After receiving payment, Medicare will issue a letter stating that it has reduced the lien to zero and closed the case.

Consequences of Non-Payment of Medicare Liens and Interest Accrual

Interest will accrue from the date of the final demand letter is assessed for each full 30-day period the debt remains unresolved. The interest rate is considerable. As of July 18, 2022, the interest rate charged on underpayments is 8.75 percent. By law, all payments are applied to interest first, and principal second. 42 CFR 411.24(m).

Appeal or Request for Waiver Will Not Toll Interest on Medicare Liens

Requesting an appeal or a waiver will not toll the interest on the unreimbursed amount. However, if you reimburse Medicare in full and then obtain a reduction via the appeal or waiver process, Medicare will issue a refund.

Therefore, if there is a colorable reason to argue for a reduction, it is always in the beneficiary’s best interest to reimburse Medicare first and then request an appeal or a waiver to avoid interest.

If you do not reimburse Medicare after 90 days of the final demand letter, Medicare will refer the debt to the Department of Treasury for collections.

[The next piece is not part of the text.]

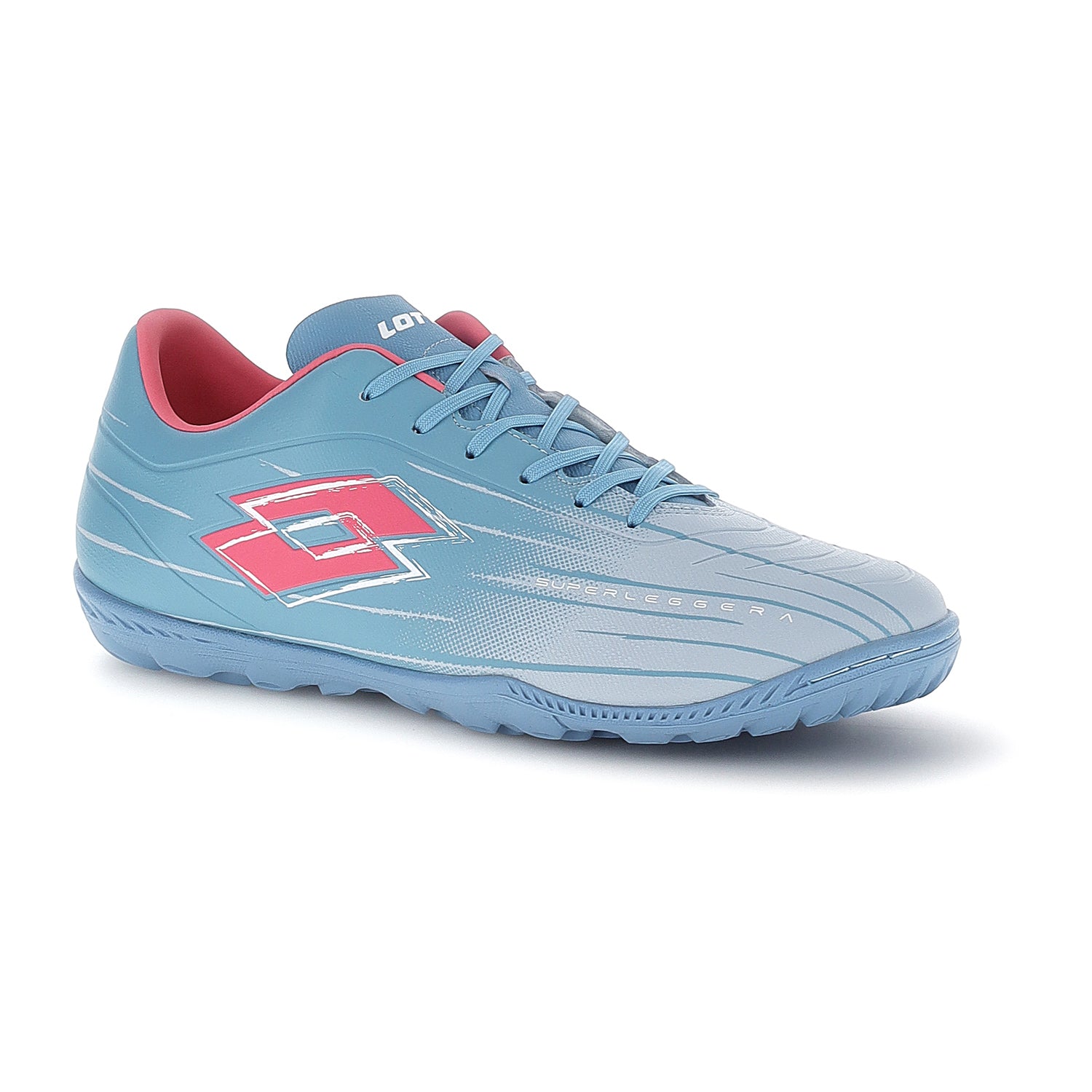 UNISEX SCARPE TURF SOLISTA 700 AZZURRO 221359 DK5 02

Conclusion: Mastering Medicare Liens in Personal Injury Law

Navigating Medicare liens in personal injury cases is a complex but essential aspect of legal practice. The steps outlined in this guide provide a structured approach to ensure compliance and protect your clients’ interests. By meticulously gathering Medicare information, efficiently using the Medicare Portal, strategically disputing charges, and adhering to the final conditional payment process, you can effectively manage and resolve Medicare liens.

Frequently Asked Questions (FAQs) about Medicare Liens in Personal Injury Cases

What is a Medicare Secondary Payer (MSP) lien?

A MSP lien occurs when Medicare pays for medical care that another entity, like an insurance company in a personal injury case, should cover. Medicare has the right to reimbursement for these payments.

Why is it important to deal with Medicare liens in personal injury cases?

Failure to properly address Medicare liens can lead to legal and financial consequences for both the attorney and the client, including the possibility of paying interest on the lien amount or facing collections actions.

How soon should I report a personal injury case to Medicare?

It’s advisable to report as soon as possible. Medicare is a large bureaucracy, and obtaining responses and resolutions can be time-consuming. Early reporting can help streamline the process.

Can I dispute charges on Medicare liens?

Yes, you can dispute charges you believe are unrelated to the injury or illness in question. It’s important to review the charges carefully and provide supporting evidence for your dispute.

What happens if I don’t reimburse Medicare within the stipulated timeframe?

Failure to reimburse Medicare within the 60-day window post-settlement or receipt of the final demand letter can result in interest accruing on the owed amount. CMS might refer the debt to the Department of Treasury for collection.

Does requesting an appeal or waiver stop interest from accruing on Medicare liens?

No, interest will continue to accrue even if you have requested an appeal or waiver. It’s often advisable to pay the demanded amount first and then seek a refund if the appeal or waiver is successful.

Can Medicare liens be negotiated or reduced?

You can reduce Medicare liens if you provide evidence that the charges included in the lien statement are not related to the injury or are should not be included for other reasons. Further, there are avenues to reduce a Medicare lien after Medicare issues the Final Demand Letter.

Is it necessary to involve a lien resolution specialist for Medicare lien resolution in a personal injury case?

While not required, involving a specialist who is knowledgeable in Medicare lien resolution can be extremely beneficial due to the complexity of the process. It also allows the personal injury attorney to focus on the case against the defendant, rather than be mired in the details of resolving Medicare liens.